Our patient is a 19-year-old female who presented with left shoulder pain. Diagnostic arthroscopy revealed an articular-sided supraspinatus tear. When the shoulder was taken out of traction and placed in 90 degrees of abduction and external rotation, we visualized the biceps tendon directly impinging the undersurface of the supraspinatus tendon.

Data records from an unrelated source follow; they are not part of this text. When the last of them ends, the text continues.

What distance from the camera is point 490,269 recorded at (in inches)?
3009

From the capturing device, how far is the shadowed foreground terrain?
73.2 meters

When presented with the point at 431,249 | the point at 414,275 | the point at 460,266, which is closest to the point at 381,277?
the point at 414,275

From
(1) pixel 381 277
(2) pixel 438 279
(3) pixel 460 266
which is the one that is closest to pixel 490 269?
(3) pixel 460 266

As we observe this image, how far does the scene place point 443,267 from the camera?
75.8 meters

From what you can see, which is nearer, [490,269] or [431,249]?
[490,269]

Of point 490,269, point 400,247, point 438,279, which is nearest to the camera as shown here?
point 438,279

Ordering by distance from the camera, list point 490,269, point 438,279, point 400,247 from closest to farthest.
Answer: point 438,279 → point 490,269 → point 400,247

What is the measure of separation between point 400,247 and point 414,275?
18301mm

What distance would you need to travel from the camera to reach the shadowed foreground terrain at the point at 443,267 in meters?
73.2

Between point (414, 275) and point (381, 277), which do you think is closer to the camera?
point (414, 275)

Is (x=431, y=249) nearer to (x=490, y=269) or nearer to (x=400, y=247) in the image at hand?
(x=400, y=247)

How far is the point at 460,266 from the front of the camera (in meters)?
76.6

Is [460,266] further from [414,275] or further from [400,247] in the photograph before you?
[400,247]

A New Method of Contact Stress Measurement for Analyzing Internal Impingement Syndrome of the Shoulder: Potentials and Preliminary Evaluation

Shoulder impingement syndrome causes critical disorders such as rotator cuff tear or superior labrum anterior to posterior (SLAP) lesion in both the general public and in athletes whose sports involve throwing. Nevertheless, the biomechanics of the syndrome still have not been clarified. Contact stress measurement in vivo during shoulder motion is essential to identifying the biomechanics of the syndrome. There have been no reports to date regarding internal impingement syndrome among the syndrome studied by using the finite element method (FEM). The proposed method simulates the internal impingement syndrome according to shoulder motion using the FEM. The method solves the critical process zone error at the supraspinatus tendon insertion according to impingement of the 3D biomechanical model by relaxing the boundary condition for representation of shoulder motion. The simulation results confirmed that the proposed method allowed for the analysis of internal impingement syndrome by measuring contact stress (23.13 MPa) during shoulder motion. The performance of the proposed method was examined through the differential displacement (maximum 3.28 mm) in shoulder motion by boundary condition relaxation. The result of the simulation was consistent with the clinical findings.